(YOUR OBJECTIVE): Make an exact copy of the lines from the one containing "Angry Birds Porn" through the end of the records below, and leave out every picture.

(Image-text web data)
"""
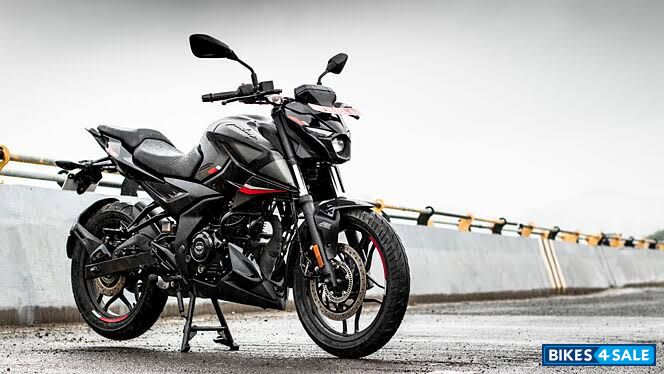 Bajaj Pulsar N160 Dual Channel ABS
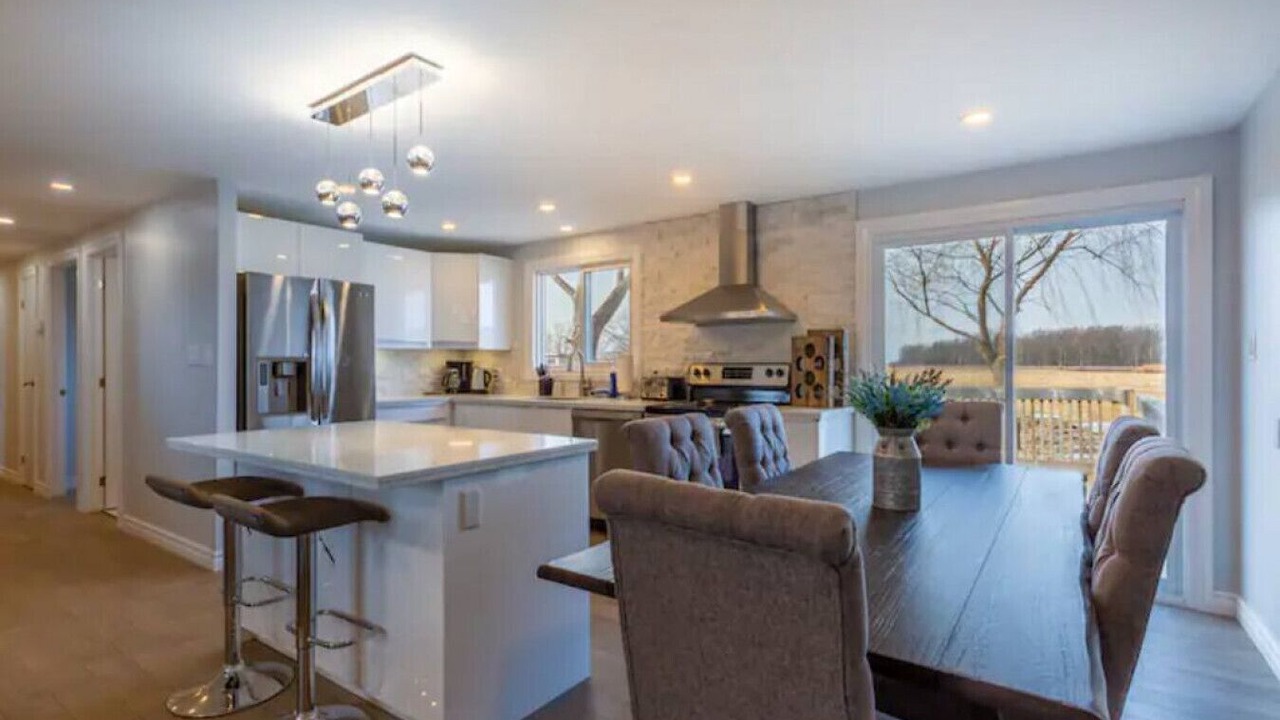 Photo of Kitchen in Niagara-on-the-Lake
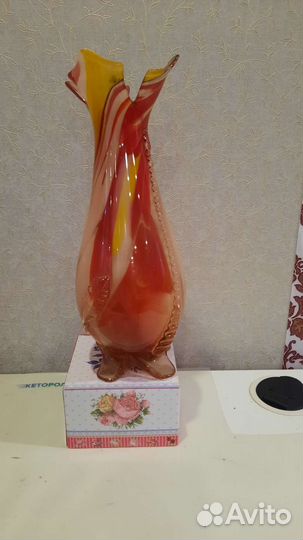 Разные вазы, супница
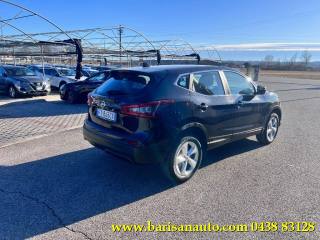 NISSAN Qashqai usata, con Airbag laterali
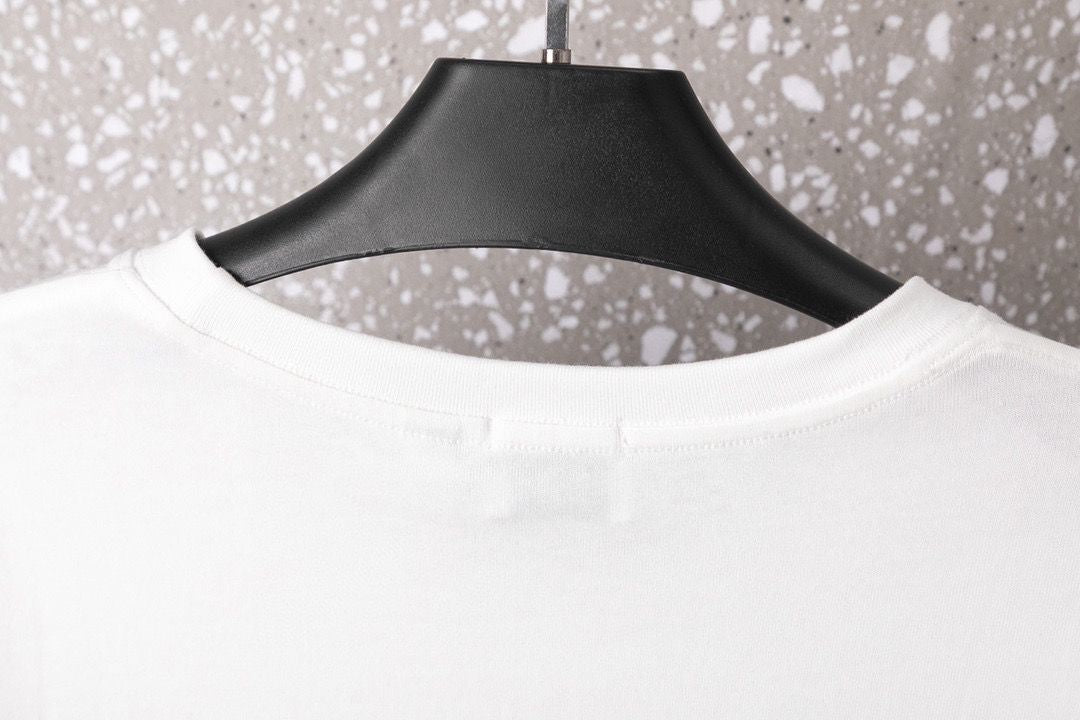 T-SHIRT BURBERRY BLANC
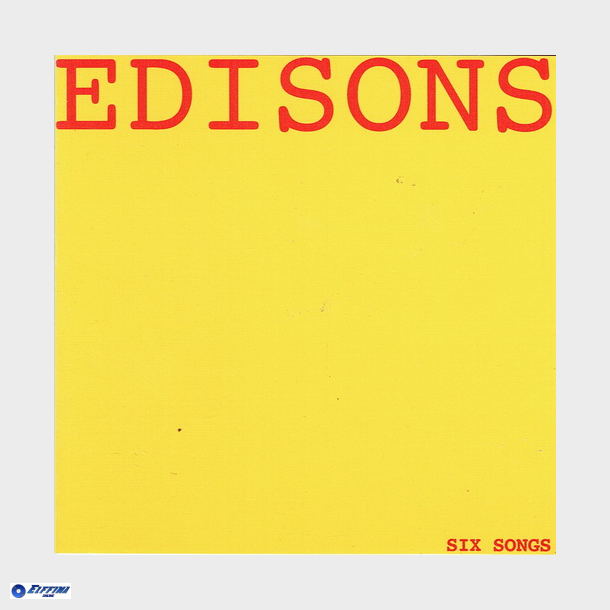 Edisons - Six Songs (1996)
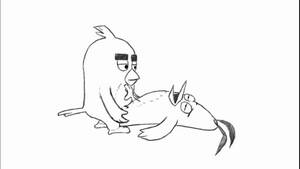 Angry Birds Porn Videos - Chuck (Angry Birds) - Rule 34 Porn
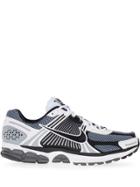 Nike Panelled Lace-up Sneakers - White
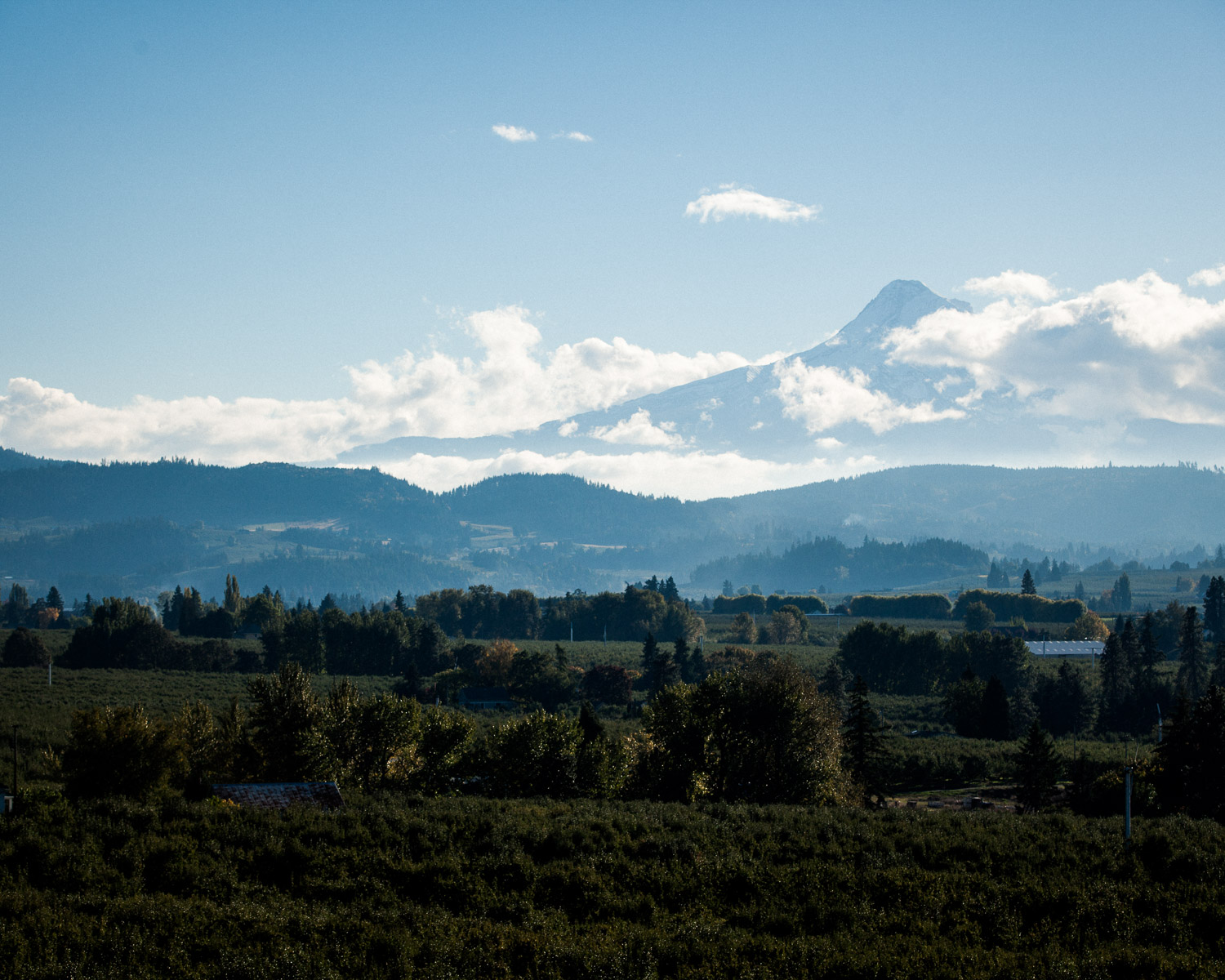 Where to Go This Weekend: Hood River, OR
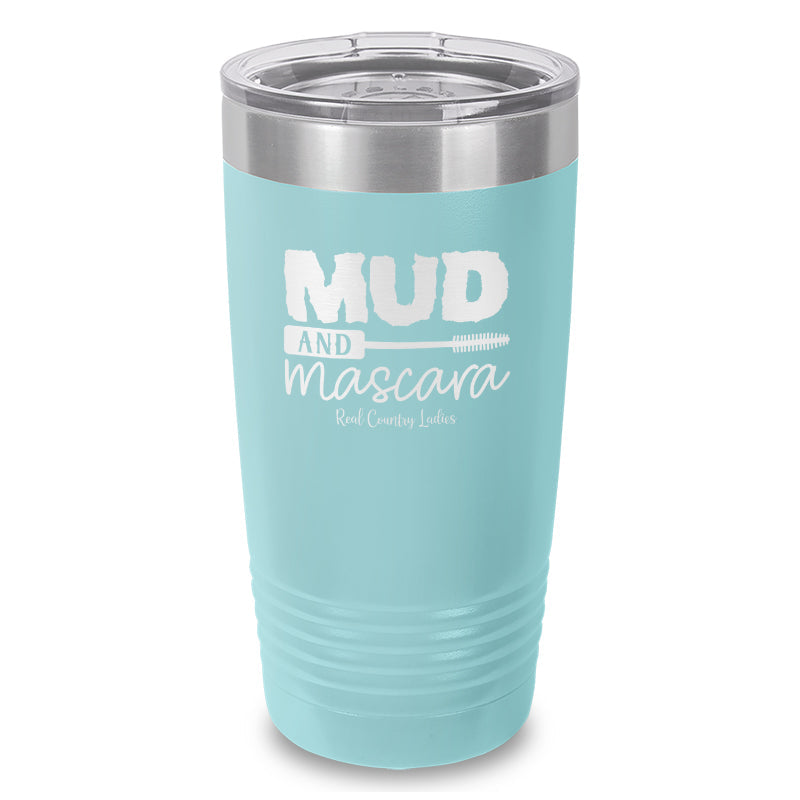 Black Friday | Mud And Mascara Laser Etched Tumbler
"""
(YOUR SOLUTION):
 Angry Birds Porn Videos - Chuck (Angry Birds) - Rule 34 Porn
 Nike Panelled Lace-up Sneakers - White
 Where to Go This Weekend: Hood River, OR
 Black Friday | Mud And Mascara Laser Etched Tumbler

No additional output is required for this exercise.